Computation Model A (Locking, use the synchronized algorithm and the latest model parameters)

This “Locking”-based computation model guarantees each worker the exclusive access to model parameters. Once a worker trains a data item, it locks the related model parameters and prevents other workers from accessing them. When the related model parameters are updated, the worker unlocks the parameters. Thus, the model parameters used in local computation is always the latest. This computation model can be implemented through Harp event-driven APIs.

Computation Model B (Rotation, use the synchronized algorithm and the latest model parameters)

The second model is a “Rotation”-based computation model that rotates model parameters between workers. Each worker first takes a part of the shared model and performs training. Then, the model is shifted between the workers. Through model rotation, each model parameters are updated by one worker at a time so that the model is consistent. This computation model can be implemented with Harp “rotate” operation.

Computation Model C (Allreduce, use the synchronized algorithm and the stale model parameters)
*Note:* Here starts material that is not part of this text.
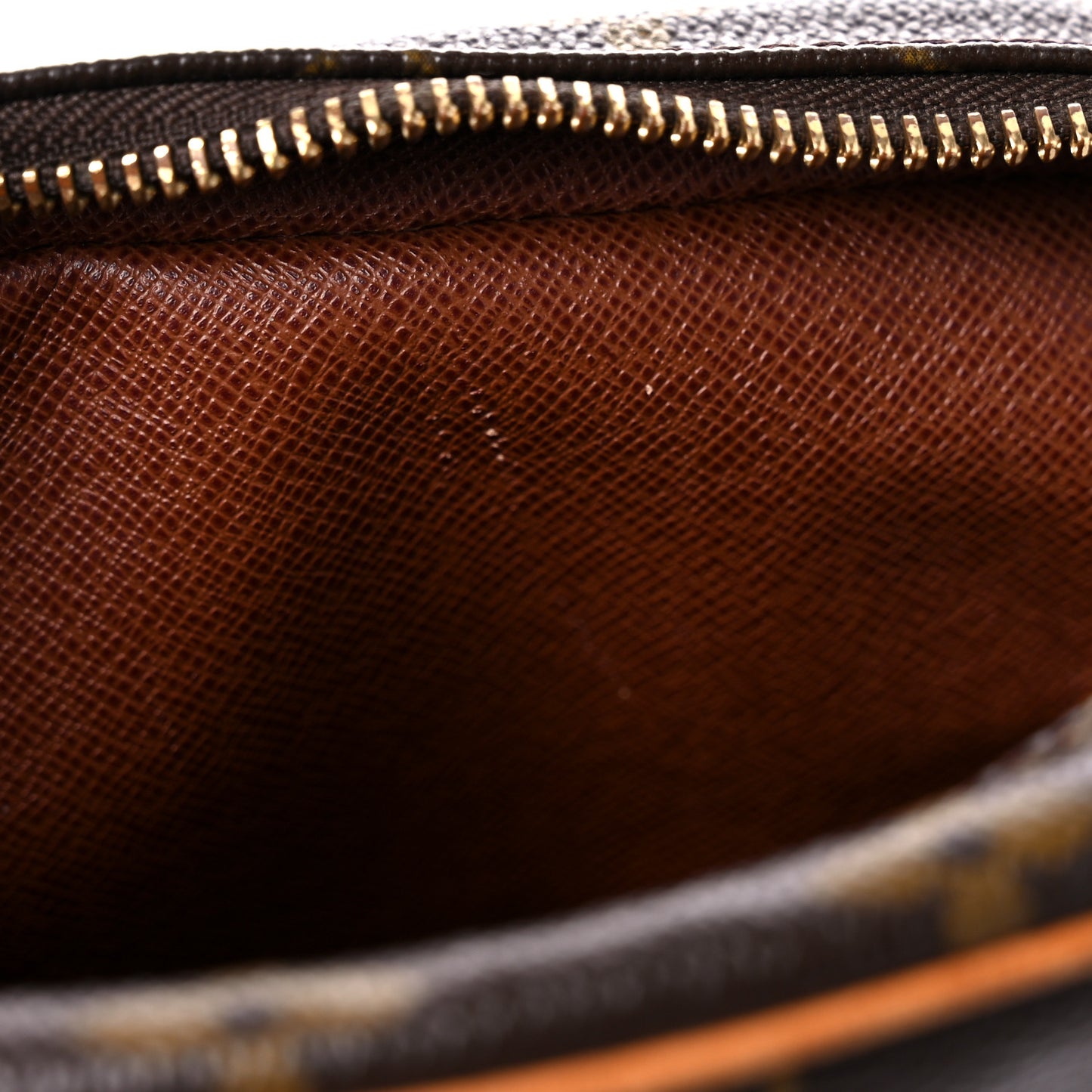 Monogram Amazone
In this computation model, each process first fetches all the model parameters required by local computation. When the local computation is completed, modifications of the local model from all processes are gathered to update the model. This computation model can be implemented through either the “allreduce” operation for small models, the “regroup+allgather” operation or “psuh&pull” with big models.

Computation Model D (No-sync, use the asynchronous algorithm and the stale model parameters)
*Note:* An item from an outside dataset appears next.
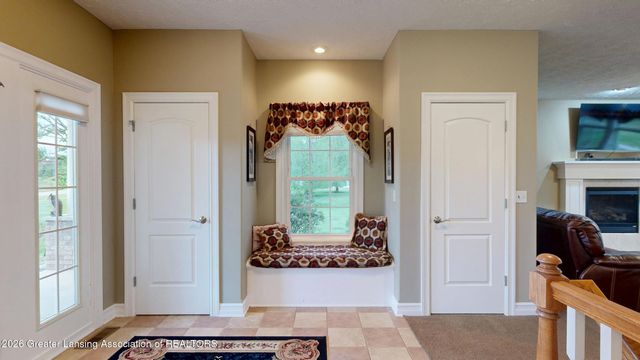 141 Twin Ponds Lane, Okemos, MI 48864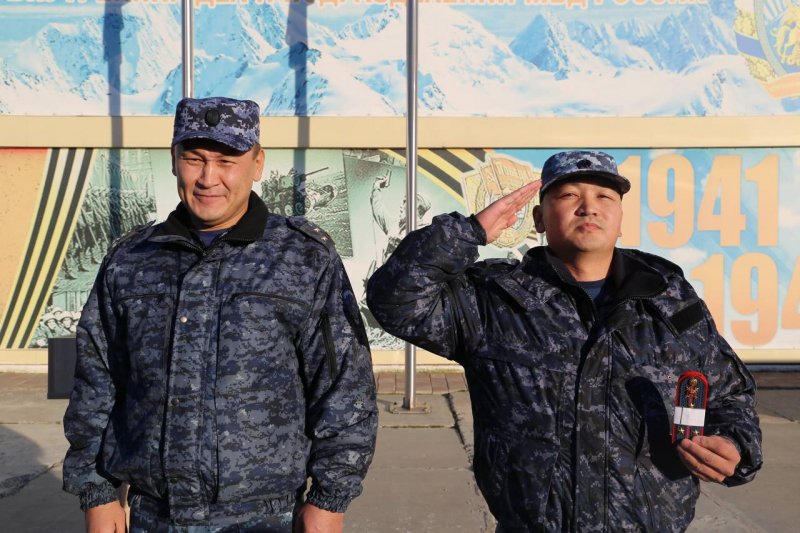 Заместитель Министра внутренних дел по Республике Тыва Владимир Данзы посетил сводный отряд МВД Тувы в Чеченской Республике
For the last computation model, each process independently fetches related model parameters, performs local computation, and returns model modifications. Unlike the “Locking”-based computation model, workers are allowed to fetch or update the same model parameters in parallel. In contrast to the “Rotation” and the “Allreduce” computation models, there is no synchronization barrier. This computation model can be implemented through Harp event-driven APIs.